The first hearing of HCMP 41/2018 took place on 6 March 2018. Upon the application taken out by the defendant directors to strike out the action as against each of them, Mr. Kwok Hiu Kwan withdrew HCMP 41/2018 against all the defendant directors.

29

The substantive hearing of HCMP 41 of 2018 was heard before the Honourable Mr. Justice Harris sitting as a High Court Judge in Hong Kong during 27 August 2018 to 29 August 2018. On 29 August 2018, Mr. Justice Harris ruled on a preliminary issue of law ("Preliminary Issue"), the written reasons for which were handed down on 13 September 2018. In respect of the Preliminary Issue, the learned Judge ruled that:

  1. The Chairman had the power under Article 74 of the Amended and Restated Articles of Association of the Company ("Article 74") to determine that the voting rights in respect of the 4,468,182,000 ordinary shares in the Company purportedly registered in the name of Mr. Kwok Hiu Kwan (or his nominee) should not be counted at the 2017 December EGM; and
  2. The Chairman's decision at the 2017 December EGM exercised under Article 74 was final and conclusive. It can only be challenged in Court if Mr. Kwok Hiu Kwan can demonstrate either it was reached in bad faith or it is demonstrated that the Court should intervene on other common law grounds.

In view of the ruling of the Court, Mr. Justice Harris set down HCMP 41 of 2018 for trial commencing on 19 March 2019.

On 12 September 2018, Mr. Kwok Hiu Kwan filed a summons to seek leave to appeal against Mr. Justice Harris' decision on the Preliminary Issue.

On 31 March 2019, Mr. Justice Harris, after trial commencing from 19 March 2019, dismissed Mr. Kwok Hiu Kwan's originating summons in its entirety, with written reasoned judgment to be handed down.

On 26 April 2019, Mr. Kwok Hiu Kwan served his notice of appeal against Mr.

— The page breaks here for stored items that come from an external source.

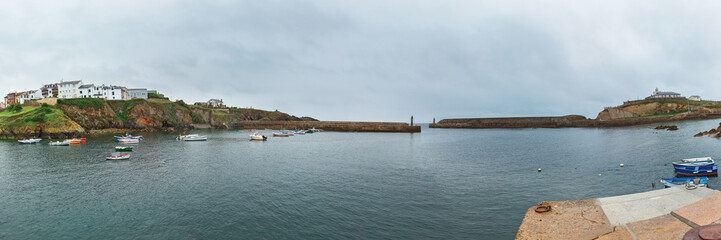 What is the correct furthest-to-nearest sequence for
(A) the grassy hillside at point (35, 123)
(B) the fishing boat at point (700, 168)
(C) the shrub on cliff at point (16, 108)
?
(C) the shrub on cliff at point (16, 108), (A) the grassy hillside at point (35, 123), (B) the fishing boat at point (700, 168)

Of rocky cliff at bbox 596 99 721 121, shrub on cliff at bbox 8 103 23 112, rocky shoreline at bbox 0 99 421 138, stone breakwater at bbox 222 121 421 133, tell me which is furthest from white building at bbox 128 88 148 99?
rocky cliff at bbox 596 99 721 121

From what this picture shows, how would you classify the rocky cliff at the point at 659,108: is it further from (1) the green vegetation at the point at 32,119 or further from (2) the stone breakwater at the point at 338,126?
(1) the green vegetation at the point at 32,119

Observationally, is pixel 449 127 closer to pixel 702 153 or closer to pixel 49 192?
pixel 702 153

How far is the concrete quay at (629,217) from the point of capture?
1216cm

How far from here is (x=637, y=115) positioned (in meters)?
119

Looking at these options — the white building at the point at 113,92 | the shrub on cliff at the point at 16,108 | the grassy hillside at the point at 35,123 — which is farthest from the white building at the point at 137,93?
the grassy hillside at the point at 35,123

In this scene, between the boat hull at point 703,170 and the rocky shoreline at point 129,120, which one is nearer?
the boat hull at point 703,170

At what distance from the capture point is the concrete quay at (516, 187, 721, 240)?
12156mm

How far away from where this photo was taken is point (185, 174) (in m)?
30.5

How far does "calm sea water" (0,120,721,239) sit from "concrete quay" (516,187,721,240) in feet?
5.65

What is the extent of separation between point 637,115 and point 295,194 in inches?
5848

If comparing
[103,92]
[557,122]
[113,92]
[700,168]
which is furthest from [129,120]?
[557,122]

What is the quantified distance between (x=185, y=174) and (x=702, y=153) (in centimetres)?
6121

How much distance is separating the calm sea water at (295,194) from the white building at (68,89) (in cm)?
9201
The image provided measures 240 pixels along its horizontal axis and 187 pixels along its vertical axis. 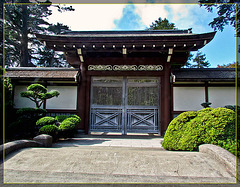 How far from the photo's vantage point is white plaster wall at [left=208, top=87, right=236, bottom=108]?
7996mm

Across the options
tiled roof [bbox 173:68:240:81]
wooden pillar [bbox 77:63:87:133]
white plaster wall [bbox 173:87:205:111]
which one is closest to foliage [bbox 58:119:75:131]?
wooden pillar [bbox 77:63:87:133]

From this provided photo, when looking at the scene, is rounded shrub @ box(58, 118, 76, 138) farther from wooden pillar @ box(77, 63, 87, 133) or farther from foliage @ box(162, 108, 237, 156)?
foliage @ box(162, 108, 237, 156)

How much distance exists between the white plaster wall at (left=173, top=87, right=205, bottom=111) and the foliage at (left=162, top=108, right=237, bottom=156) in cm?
356

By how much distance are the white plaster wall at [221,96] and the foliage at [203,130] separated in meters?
4.04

Harris' latest decision.

HCA 187 of 2018 and HCA 258 of 2018

On 22 January 2018, Enhance Pacific Limited and Best Year Enterprises Limited commenced High Court Action No. 187 of 2018 ("HCA 187/2018") against two subsidiaries of the Company, namely Convoy Collateral Limited and CSL Securities Limited and their respective then directors.

30

On 30 January 2018, Mr. Sin Kwok Lam commenced legal proceedings against Convoy Collateral Limited in High Court Action No. 258 of 2018 ("HCA 258/2018").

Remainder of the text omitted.